* _EXERCISE MATERIALS_
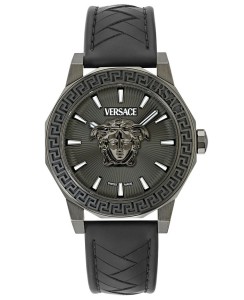 Zegarek Versace Medusa Deco Gent VE9I00224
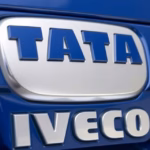 "Acquisizione Tata Motors Iveco: divisione Difesa trasferita a Leonardo per 1,7 miliardi."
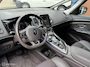 Renault Espace 1.6 TCe 200PK Dynamique 5p. | Camera | Glazen dak | Led | Keyless | Bose |
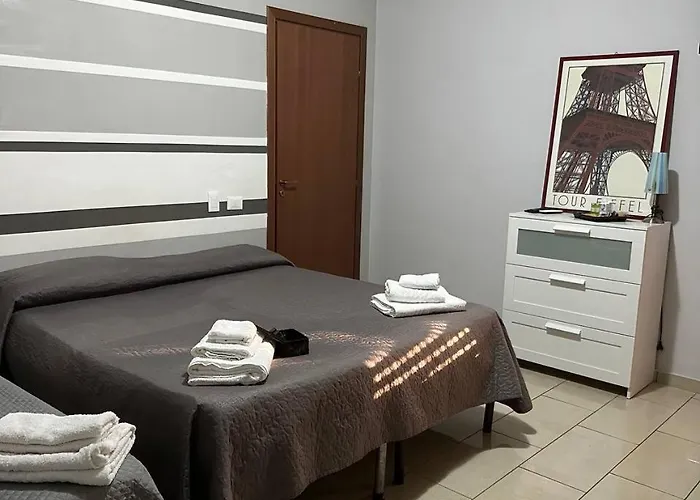 Emmanuel Reggio Calabria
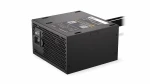 Τροφοδοσία Ρεύματος Endorfy EY7A001 ATX 550 W 80 PLUS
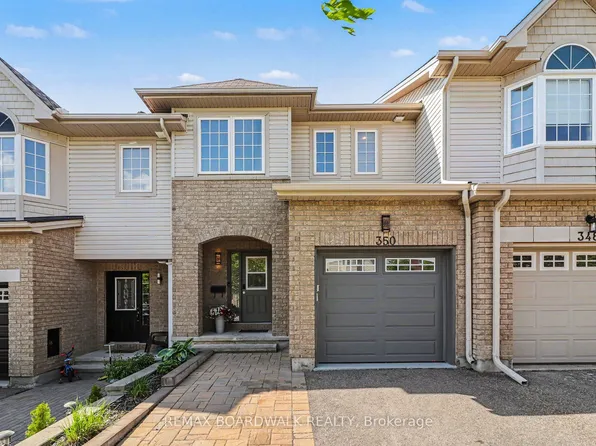350 Rolling Meadow Cres, Ottawa, ON K1W 0A7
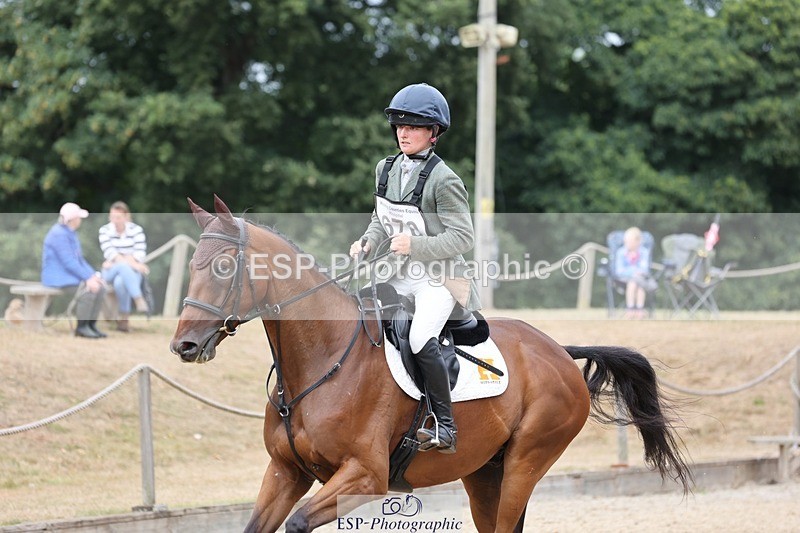 250803A-135408-14438 - O-670-Safia.Woodward-UNNAMED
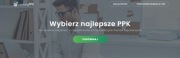 serwis internetowy rankingppk.pl 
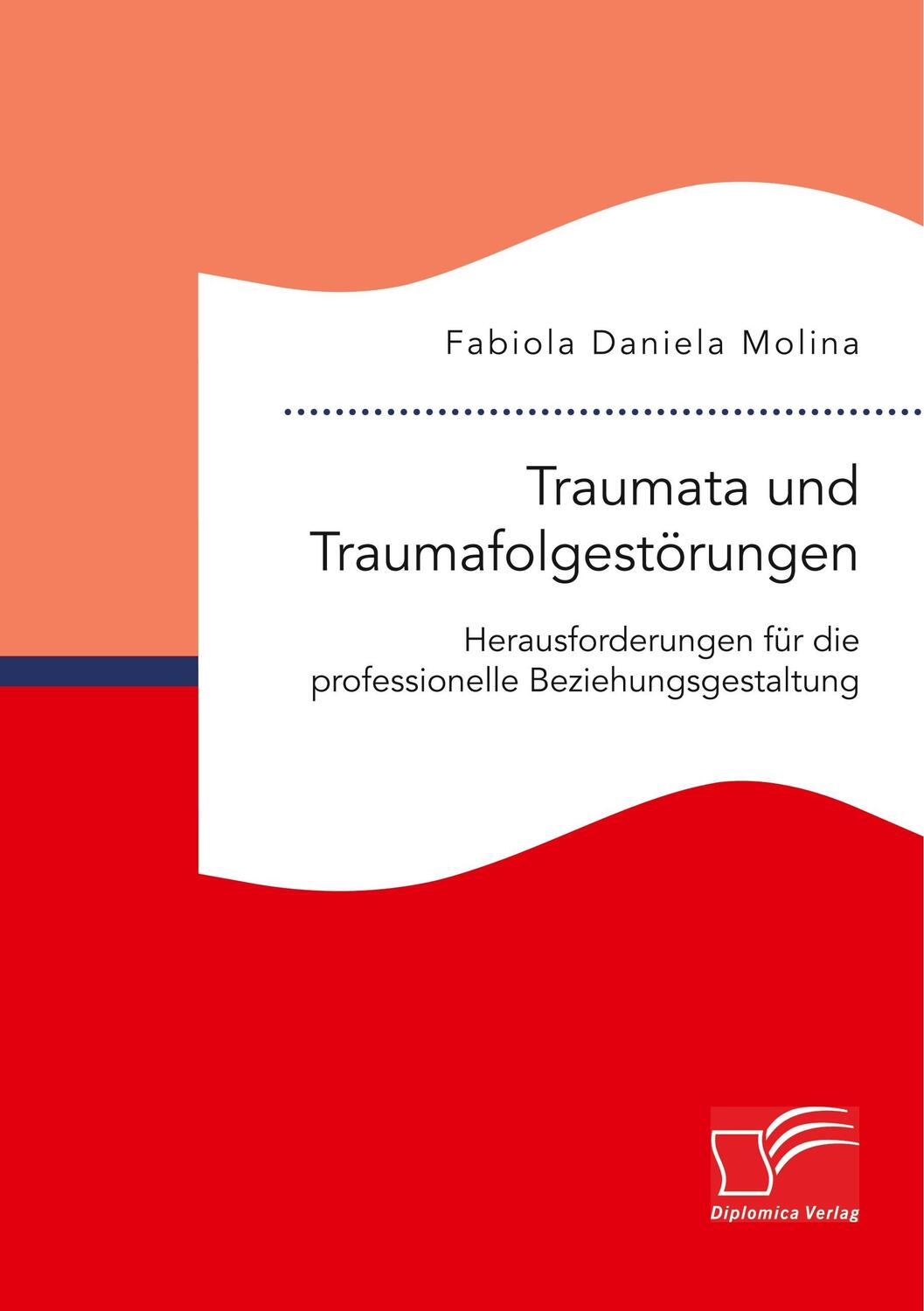 Cover: 9783961466252 | Traumata und Traumafolgestörungen ¿ Herausforderungen für die...
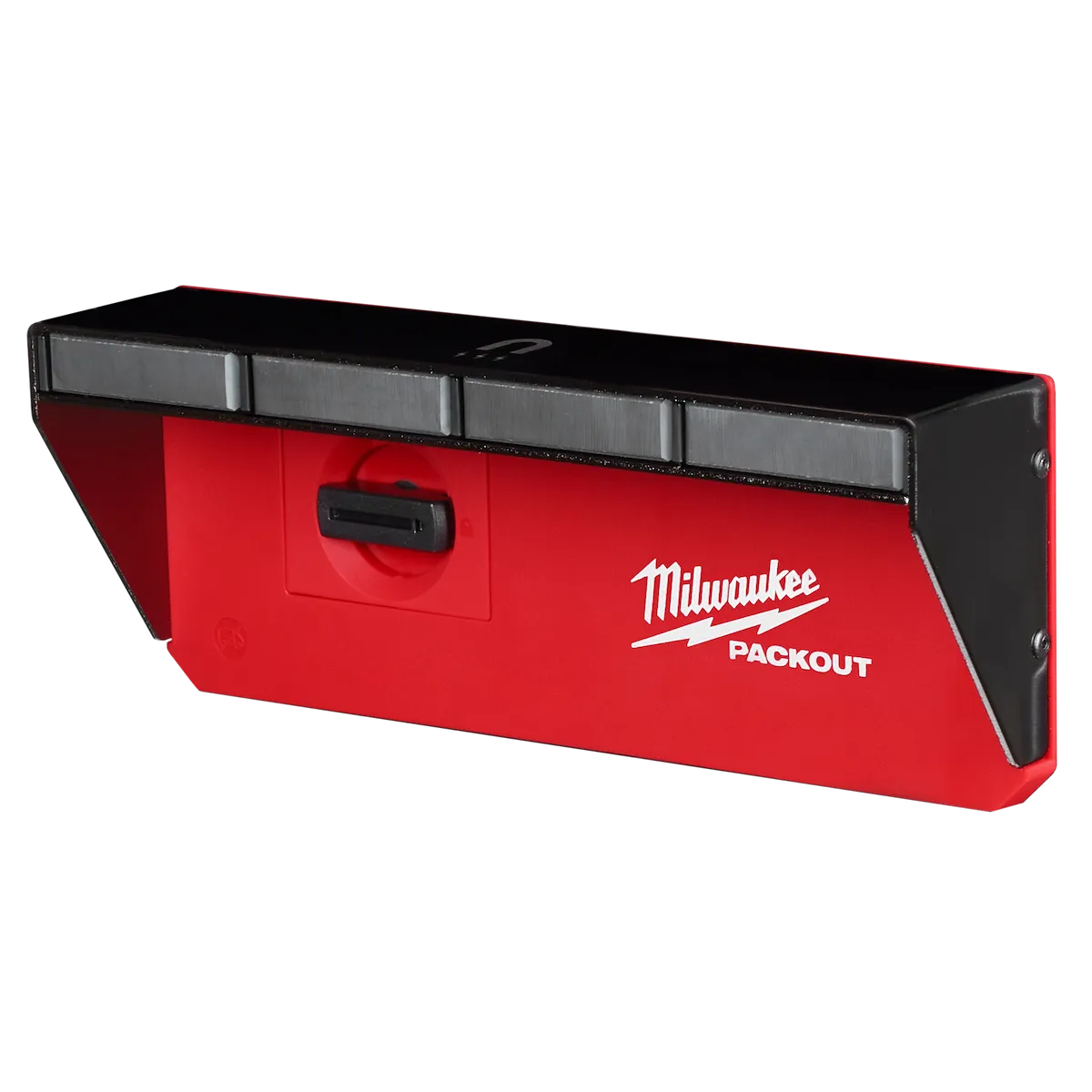 PACKOUT™ Magnetic Rack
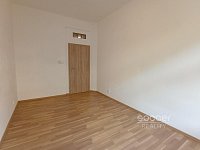 Pronájem bytu 2+kk, 48 m2, Praha 3 - Žižkov, ul. Jeseniova. - Foto 7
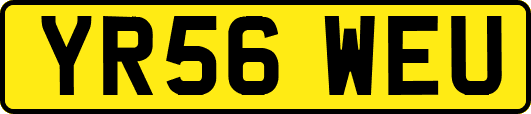 YR56WEU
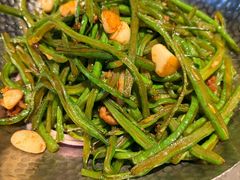 -老头儿油爆虾(胜利河美食街店)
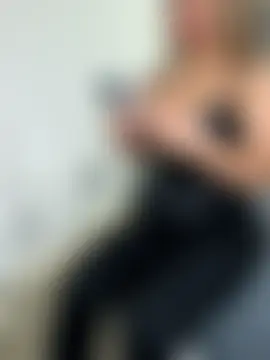 Онлайн чат Alyssa_76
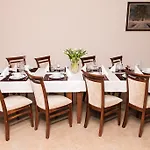 Artemis Bed & Breakfast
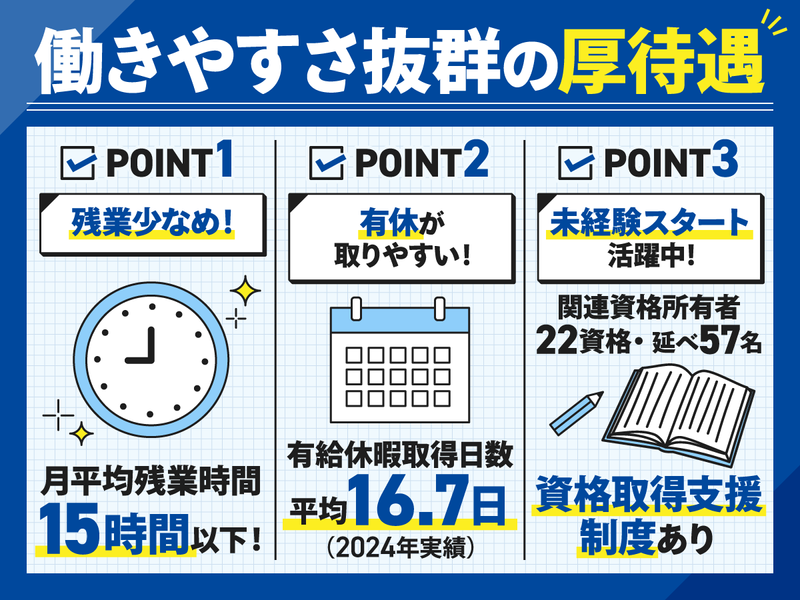 富岡測量設計株式会社　本社のアルバイト・バイト求人情報-03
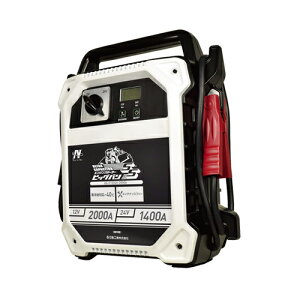 LpV^GWX^[^[ rbOoSS AS-C1224V-2000A H
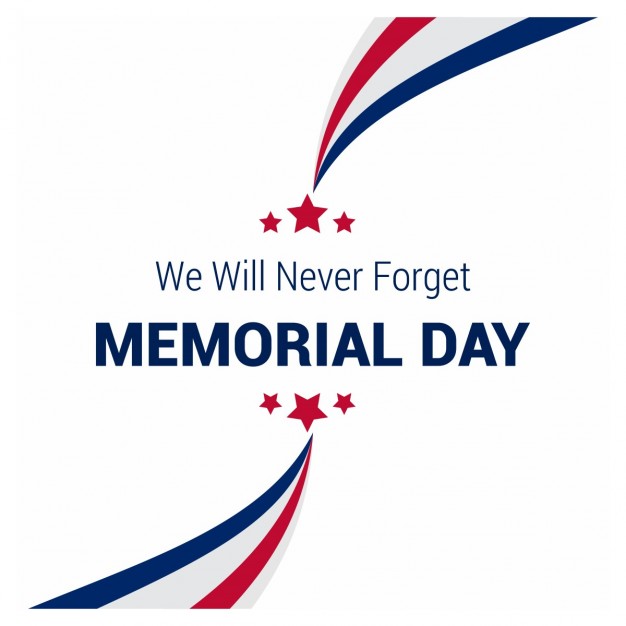 Memorial Day Vectors, Photos And Free Download 626x626 Memorial Day Vectors, Photos And Free Download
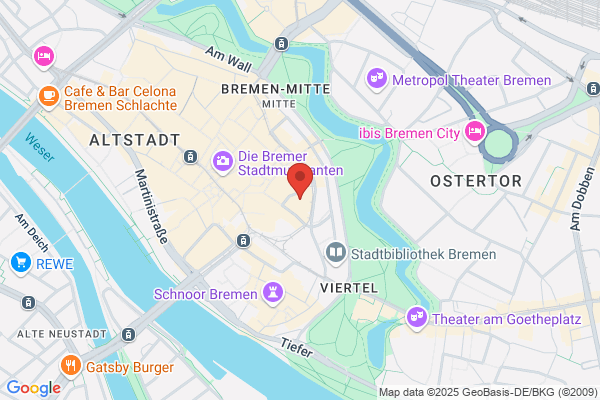brenner BERNARD ingenieure GmbH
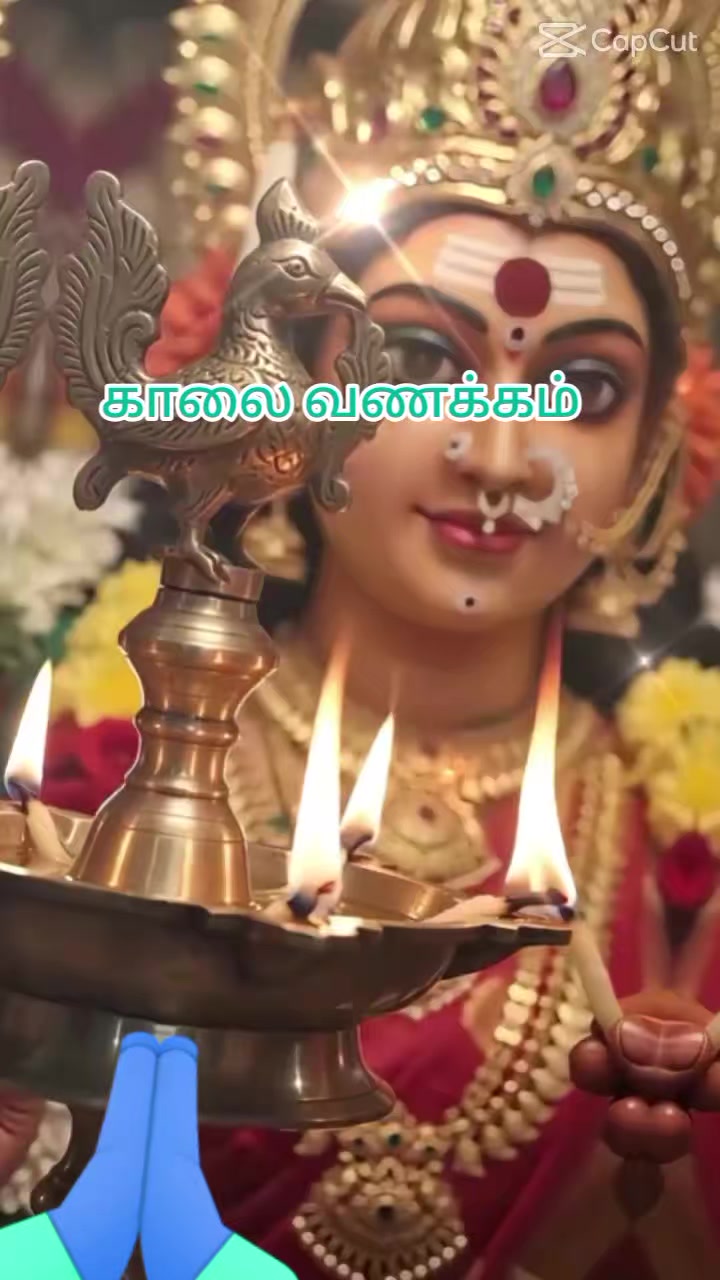 @krishnaveni🥰🥰🥰💐💐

* _PROMPT_
The pictures should be dropped, and every line above should be set down again exactly.

* _EXPECTED ANSWER_
 Zegarek Versace Medusa Deco Gent VE9I00224
 "Acquisizione Tata Motors Iveco: divisione Difesa trasferita a Leonardo per 1,7 miliardi."
 Renault Espace 1.6 TCe 200PK Dynamique 5p. | Camera | Glazen dak | Led | Keyless | Bose |
 Emmanuel Reggio Calabria
 Τροφοδοσία Ρεύματος Endorfy EY7A001 ATX 550 W 80 PLUS
350 Rolling Meadow Cres, Ottawa, ON K1W 0A7
 250803A-135408-14438 - O-670-Safia.Woodward-UNNAMED
 serwis internetowy rankingppk.pl 
 Cover: 9783961466252 | Traumata und Traumafolgestörungen ¿ Herausforderungen für die...
 PACKOUT™ Magnetic Rack
 Pronájem bytu 2+kk, 48 m2, Praha 3 - Žižkov, ul. Jeseniova. - Foto 7
 YR56WEU
 -老头儿油爆虾(胜利河美食街店)
 Онлайн чат Alyssa_76
 Artemis Bed & Breakfast
 富岡測量設計株式会社　本社のアルバイト・バイト求人情報-03
 LpV^GWX^[^[ rbOoSS AS-C1224V-2000A H
 Memorial Day Vectors, Photos And Free Download 626x626 Memorial Day Vectors, Photos And Free Download
brenner BERNARD ingenieure GmbH
 @krishnaveni🥰🥰🥰💐💐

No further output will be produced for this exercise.